Optimizing distance distHaversine model for large df in R


I'm working with a large dataset and I'm trying to run geospatial analysis on a local machine with 8GB of RAM. It looks like I have exceeded the resources of my machine and I'm wondering whether I can optimize my model so I can run it on my machine.

area <- data.frame(area = c('Baker Street','Bank'),
                  lat = c(51.522236,51.5134047),
                  lng = c(-0.157080, -0.08905843),
                  radius = c(100,2000)
)

stop <- data.frame(station = c('Angel','Barbican','Barons Court','Bayswater'),
                   lat = c(51.53253,51.520865,51.490281,51.51224),
                   lng = c(-0.10579,-0.097758,-0.214340,-0.187569),
                   postcode = c('EC1V','EC1A', 'W14', 'W2'))



library(geosphere)


datNew = lapply(1:nrow(area), function(i) {

  df = stop

  df$dist = distHaversine(df[,c("lng", "lat")], 
                          area[rep(i,nrow(df)), c('lng','lat')])

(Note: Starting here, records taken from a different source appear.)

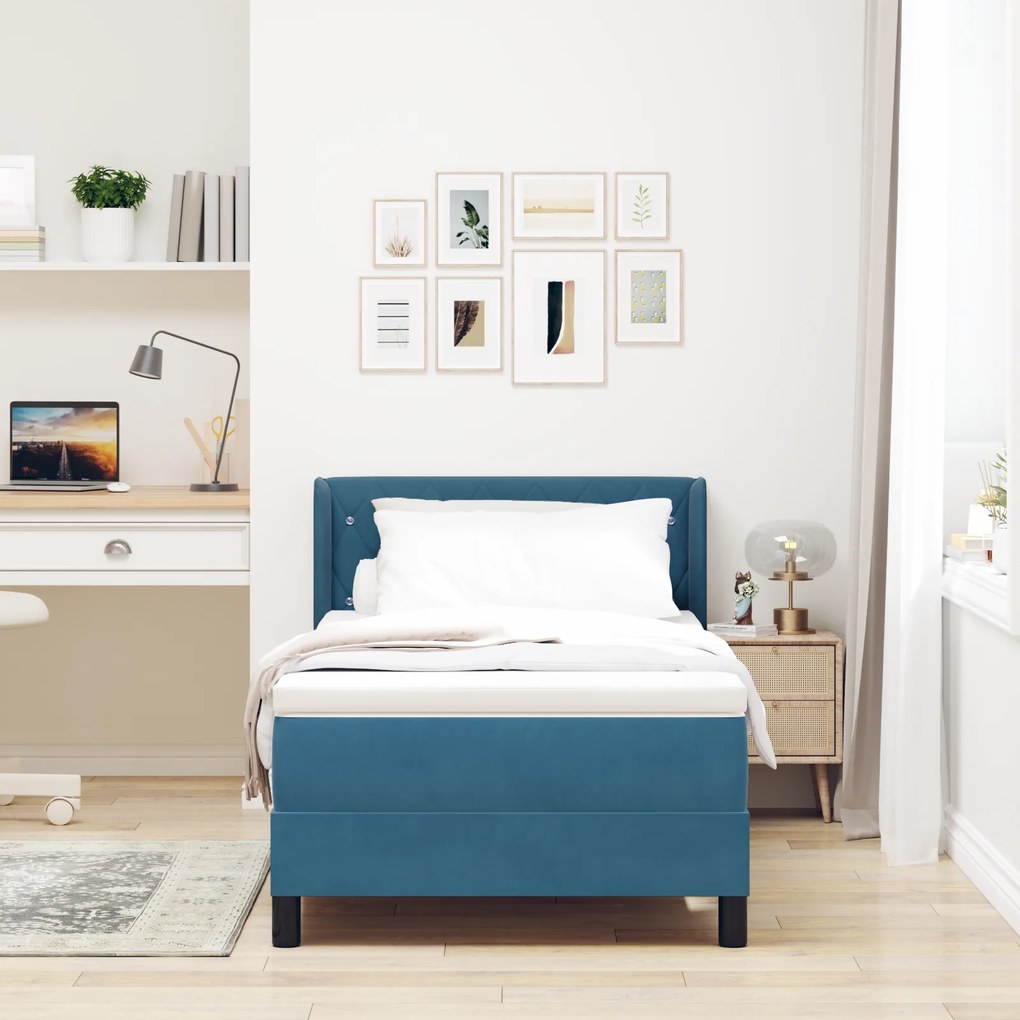 vidaXL κρεβάτι Box Spring με στρώμα Σκούρο Μπλε 90x190 εκ Βελούδο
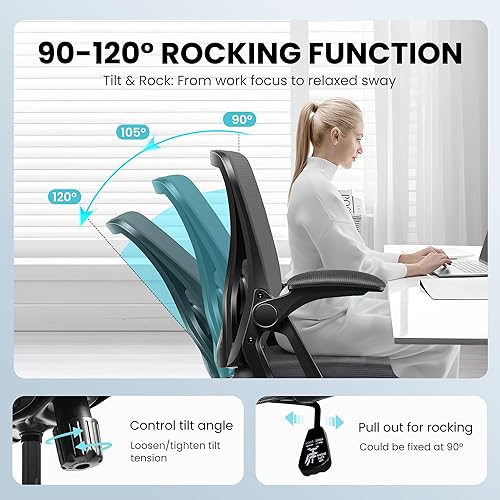 Miniatura 7 de Silla de oficina, sillas ergonómicas de escritorio para computadora en casa, cómoda silla de malla transpirable con soporte lumbar ajustable,
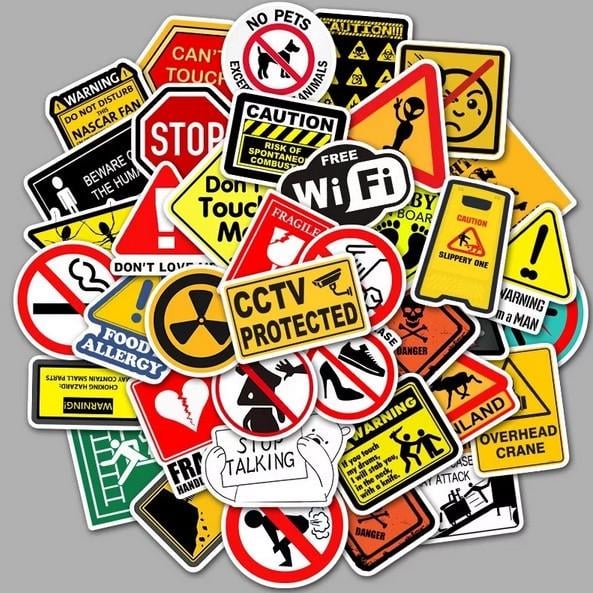 Набор наклеек Warning 50 шт. (1991469087) Набор наклеек Warning 50 шт. (1991469087)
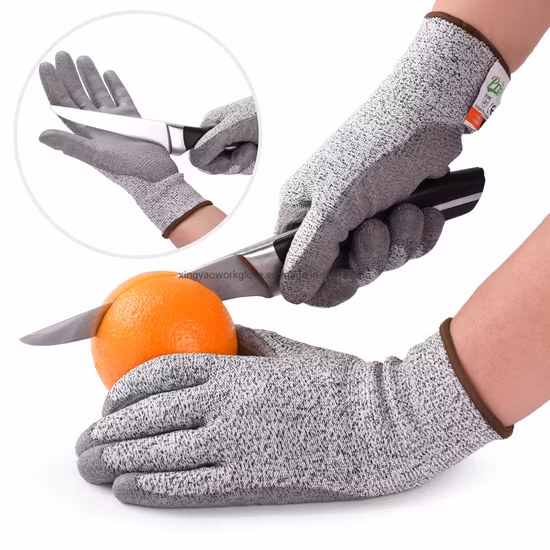 En388 A5 Nylon & Hppe & Glass Fiber Liner PU (Polyurethane) Coated Anti Cut Resistant Cutting Proof Work Safety Hand Protection Knitted ANSI Gloves
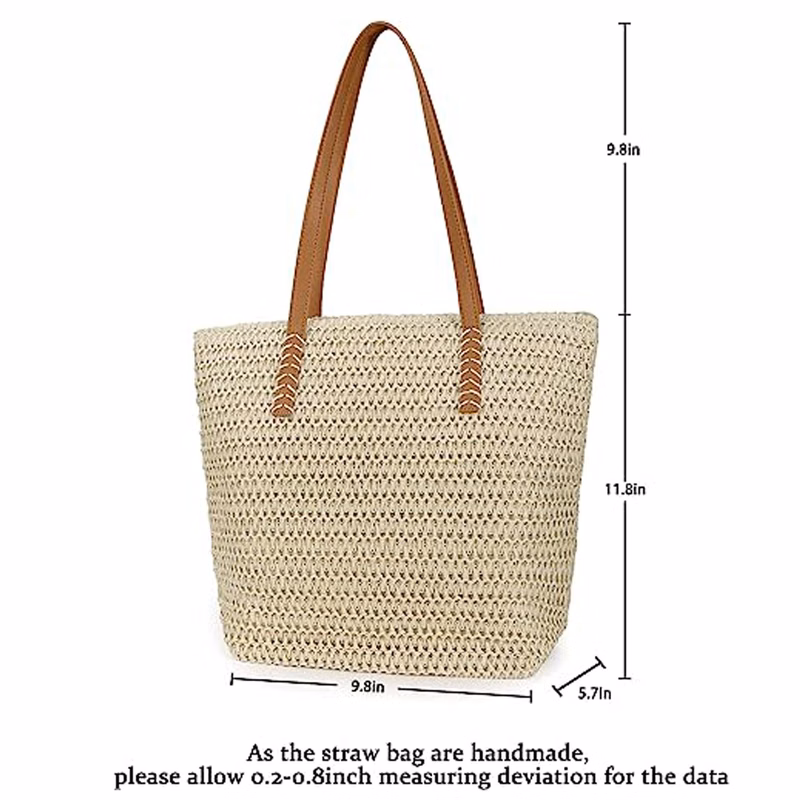 Womens Large Straw Beach Tote Bag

  df$in_circle = ifelse(df$dist <= area[i, "radius"], "Yes", "No")

  df$circle_id = area[i, "area"]

  df

})

datNew = do.call(rbind, datNew)

require(dplyr)    
datNew  <- datNew %>% 
  group_by(station) %>% 
  slice(which.min(dist))

Is it possible to calculate the distance and then find the minimum distance in station by station so that I don't end up with multiplying the the number of stations by number of area? Or is there another solution that would allow me to run this in a less resource consuming way or split the jobs so it fits into RAM?


Solution

  • Have you tried putting gc() at the end off the lapply function? It frees the memory space for the next iteration. If this does not help ill try to come back to this answer tommorow, just please reply :)

    EDIT:

    I dont know if you had this in mind but here you go:

    library(geosphere)
    library("plyr")
    library("magrittr")
    
    area <- data.frame(area = c('Baker Street','Bank'),
                       lat = c(51.522236,51.5134047),
                       lng = c(-0.157080, -0.08905843),
                       radius = c(100,2000)
    )
    
    stop <- data.frame(station = c('Angel','Barbican','Barons Court','Bayswater'),
                       lat = c(51.53253,51.520865,51.490281,51.51224),
                       lng = c(-0.10579,-0.097758,-0.214340,-0.187569),
                       postcode = c('EC1V','EC1A', 'W14', 'W2'))
    
    ## In the function below you take an area one by one and then save the station which at the minimal
    ## distance from the given area
    
    min.dist <- ddply(area, ~area, function(xframe){
    
      xframe <<- xframe
      cat("Calculating minimum distance from area...", as.character(xframe$area), "\n")
    
      dists <- distHaversine(xframe[, c("lat", "lng")], stop[ , c("lat", "lng")]) 
      stop.min <- stop[which(min(dists)==dists), ]
      stop.min$area <- xframe$area
      return(stop.min)
      gc()
    
    })
    
    min.dist # the new data frame